# Ult Peformance Grill. 120



## Niss200SXGTR (May 31, 2002)

Hey, Im releasing a BETA of my grill.. 










Im chargin 120 Unpainted.. and then im thinking like 20 for shipping.. im going to make 4 grills.. if anyone is interested.. tell me.

Comes with Silver mesh, i can get blue or red if you want...

i can paint it as well. but you have to define what color you have.

and it will cost a little more money.


----------



## Guest (Aug 7, 2002)

that looks awesome


----------



## Niss200SXGTR (May 31, 2002)

thnx for the comment.

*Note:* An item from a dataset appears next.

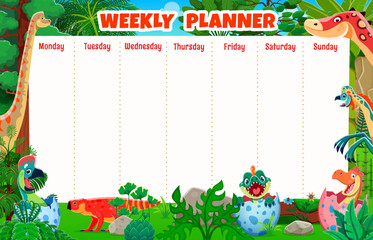 Kids weekly planner schedule with funny dino characters. School kids education lessons or week tasks organization schedule or planner vector template with prehistoric dinosaurs cheerful personages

I will probably build them within the next week or so.. that will give me time to take orders. or atleast get 1 or 2 people with 95-97 200sx's, or sentras. I dont want all people to have them, cause then it would get played out  . BUt. If anyone is interested let me know, so i can start making.


----------



## UnderDog (Jul 14, 2002)

A question that's been on my mind: What's the GTR emblem for?


----------



## rios (Jun 10, 2002)

UnderDog said:


> *A question that's been on my mind: What's the GTR emblem for? *


so its not type r


----------



## Niss200SXGTR (May 31, 2002)

i just didnt like a bland, empty grill.. and i aint an SE-R. so i might as well go all out rice, and get the GTR skyline emblem


----------



## jon_Gee (Aug 7, 2002)

that looks like the APC (american plastic crap) GT-R badge to me, how are you securing it to the grill?


----------



## Niss200SXGTR (May 31, 2002)

if i tell you, id have to kill you


----------



## jon_Gee (Aug 7, 2002)

with threats like that, it must be a high-performance duck tape mirco-shear polylaminate


----------



## myoung (Apr 15, 2002)

Niss200SXGTR said:


> *if i tell you, id have to kill you *


In english...does that mean tie wrap? haha

Sorry man I have to agree... You should drop the badge.. it would look better... having the wrong badge screams Riceboy Honda..

The regular Nissan badge would look good..


----------



## UnderDog (Jul 14, 2002)

That is, unless he really has a 2.6L straight six TT under there, then I'd say it was a Skyline. But I doubt it does.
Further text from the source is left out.